Servers that provide access to other Web pages to their clients, e.g. in order to hide the client's identity or to circumvent network access restrictions

Real Estate

Real estate servers, companies

Regional

Web pages of municipalities and regions

Religious / Spirituality

Churches, religious themes, esoteric pages

Sale / Auctions

Auctions, bazaars, sale and purchase

Sects

Sects

Sex Education

Professional information about sex

Shopping

Stores, advertising sites, e-shops with a shopping cart, which must be operated at the top-level domain

Social Networks

Social structures made up of people connected by friendship, family, common interests and other relations

Sports

All sports and disciplines, including extreme sports

Streaming / Broadcasting

Internet TV and radio

Swimwear / Intimate

Lingerie, underwear, swimsuits, e-shops, producers and sellers

Translation Services

Online translation, translational services

Travelling / Vacation

Timetables, travel agencies, public transportation companies, castles, chateaus

Uploading / Downloading

Online data storage, photo albums, file-sharing servers

Warez / Piracy

Illegal distribution of copyright-protected content, links to software, serial numbers, movies, password exchange forums

Web Based Mail

Free Web-based mail providers

Web Hosting

Web sites providing space on their servers to third parties

18.4. Using External Web Filter

In addition to using the internal Kernun Clear Web DataBase, it is possible to cooperate with an external Web filtering service. Only one type of such a service is supported—the Proventia Web Filter. It is considered a legacy feature and Kernun Clear Web DataBase is recommended as replacement.

Proventia Web Filter runs separately from Kernun UTM on a machine with a Microsoft Windows, Linux, or FreeBSD (with Linux emulation) operating system. It is configured by its own graphical management console, available for Microsoft Windows. In order to work with Kernun UTM, Proventia Web Filter must be configured as described in section Web Filter of manual page http-proxy(8). Especially, ICAP Integration must be enabled. Moreover, if the Web filter rules take user names into account, User Profile Support must be enabled.

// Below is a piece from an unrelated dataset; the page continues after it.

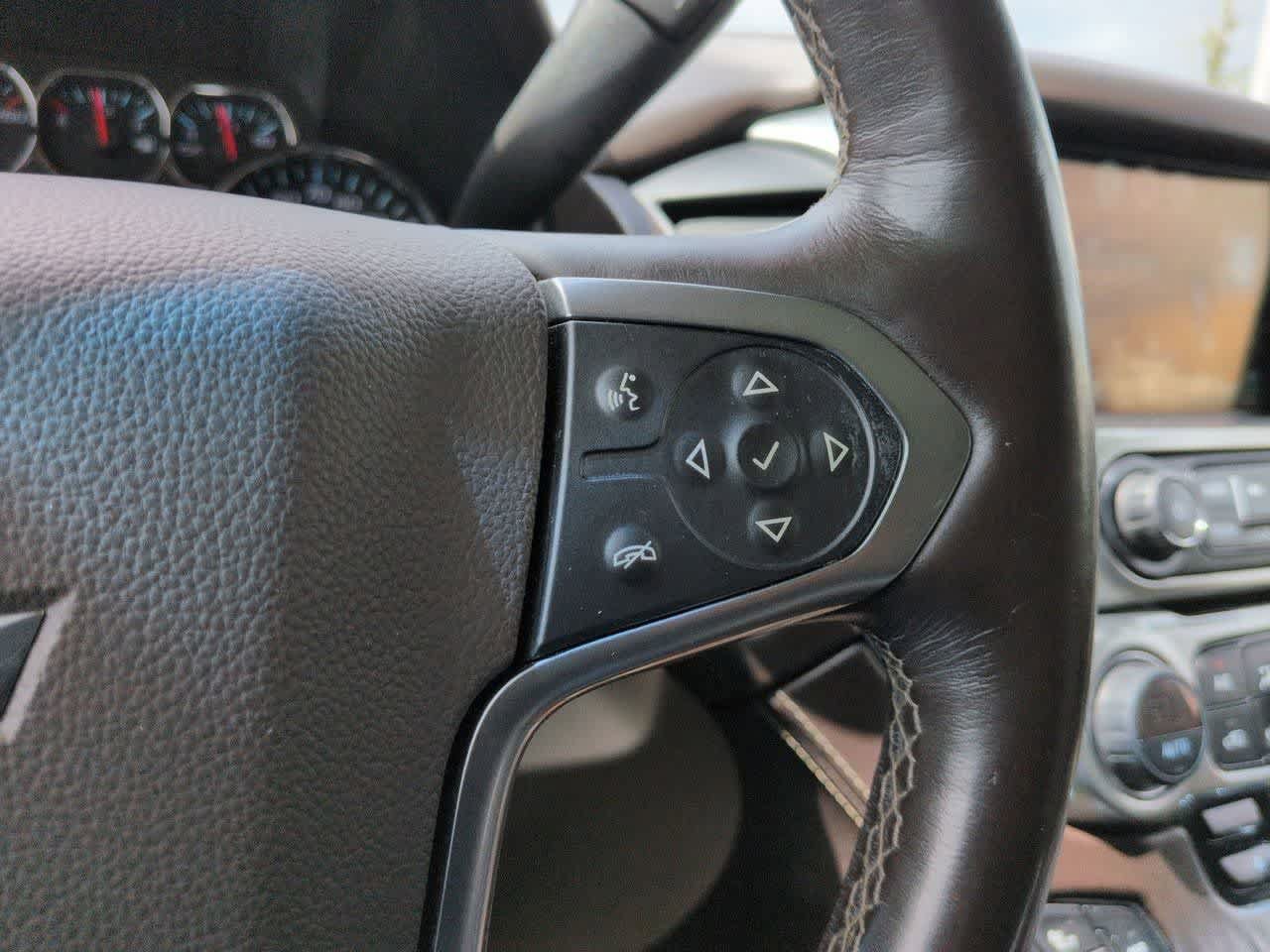 Used 2015 Chevrolet Suburban LTZ AWD/4WD image 25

Figure 5.76. An HTTP proxy configured for use of an external Web filter

An HTTP proxy configured for use of an external Web filter

The relevant part of HTTP proxy configuration is depicted in Figure 5.76, “An HTTP proxy configured for use of an external Web filter”. The parameters of the connection to the Proventia Web Filter server are specified by section web-filter. Note the port number 1344, which is used by default for the ICAP protocol by Proventia Web Filter. The sample configuration contains also a fail-ok item, which means that all requests are to be accepted if Kernun UTM cannot communication with the Web filter. Without this item, all requests would be rejected until the connection to the Web filter would be restored. Requests that are accept-ed by a request-acl with a web-filter item will be forwarded to the Web filter server. If the Web filter accepts the request, the proxy will continue with the normal request processing[40]. If the Web filter rejects the request, the proxy will terminate the processing of the request and return an error HTML page to the client. An example of a Web site blocked by the Web filter is shown in Figure 5.77, “A Web server blocked by the Web filter”.

Figure 5.77. A Web server blocked by the Web filter

A Web server blocked by the Web filter



[40] The request will be sent to the destination server and its response will be returned to the client.